A response from Brian Anson to today's May Day blog on Martin McGuinness
A RESPONSE TO PAUL’S BLOG ON JACK JONES & MARTIN McGUINNESS.I agree with everything Paul has written. The worrying, and sad, possibility is that the threat to Martin McGuinness could become a replay of the Michael Collins tragedy in 1922.
Collins who, almost single-handedly, had created the Republican Army, was a good man. I don’t believe he was right to sign the Treaty which partitioned Ireland, but I do believe that he did it in good faith believing that it was a crucial step towards the unification of the country, a goal which he believed would come, by force or negotiation, soon after The Treaty. There was a certain logic in his thinking: The Republic had been fighting to free it’s entire country: The Treaty left just six counties to free. Collins was not a politician, he was a freedom fighter. Who knows what the history of Ireland would have been during the past century had this genuine Republican fighter not been assassinated by his former comrades?

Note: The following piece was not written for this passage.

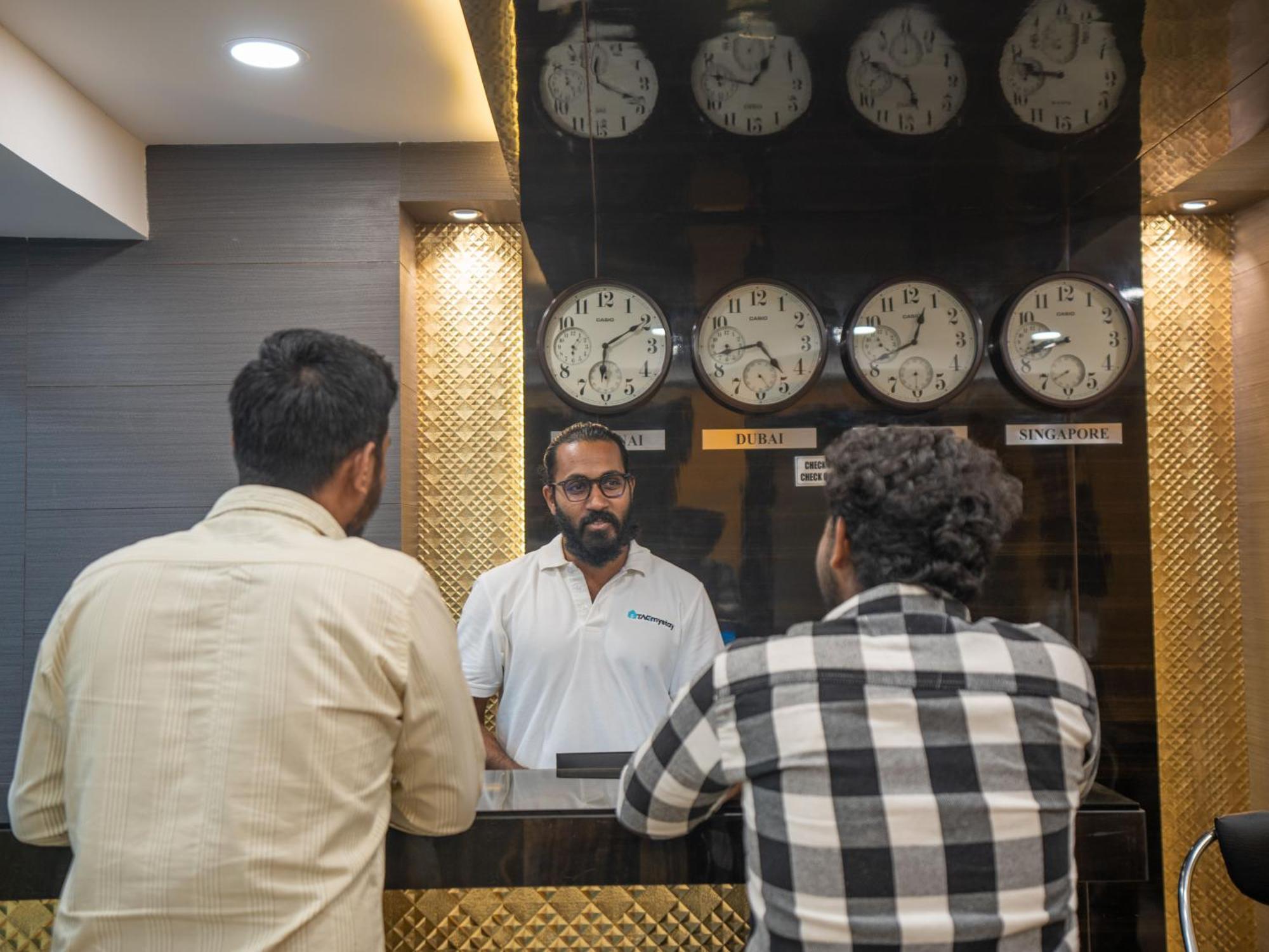 Orion Residency Hotel Chennai Exterior photo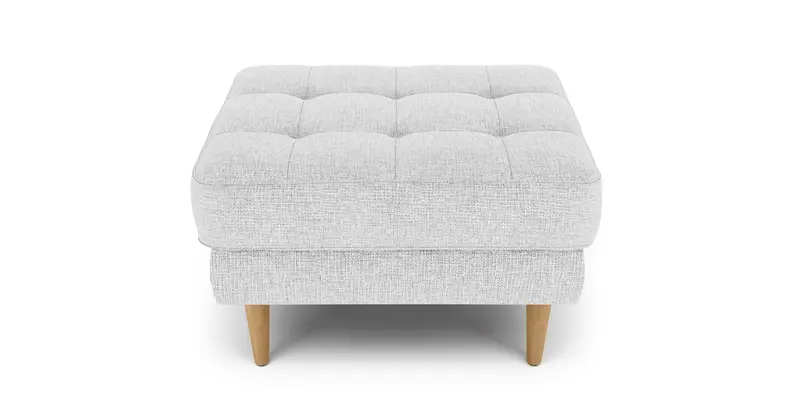 Modsy Hocker Klein Holzbein - Gewebe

Personally I believe that, had he survived, the occupied six counties would have long been a thing of the past. The Republic (as proclaimed in 1916) had, by its courage to fight, brought the occupying enemy to the negotiation table – it was not the other way round despite the bombastic threats of Lloyd George that he would wage wholesale war unless the Republic accepted The Treaty. I believe that McGuinness (and many others) have similarly, through their courage, brought the enemy to the table and that they will achieve that, long-awaited, goal of a united Ireland. The Treaty led to The Civil War the ferocity of which was exacerbated by the assassination of Michael Collins: please God, let this not happen again.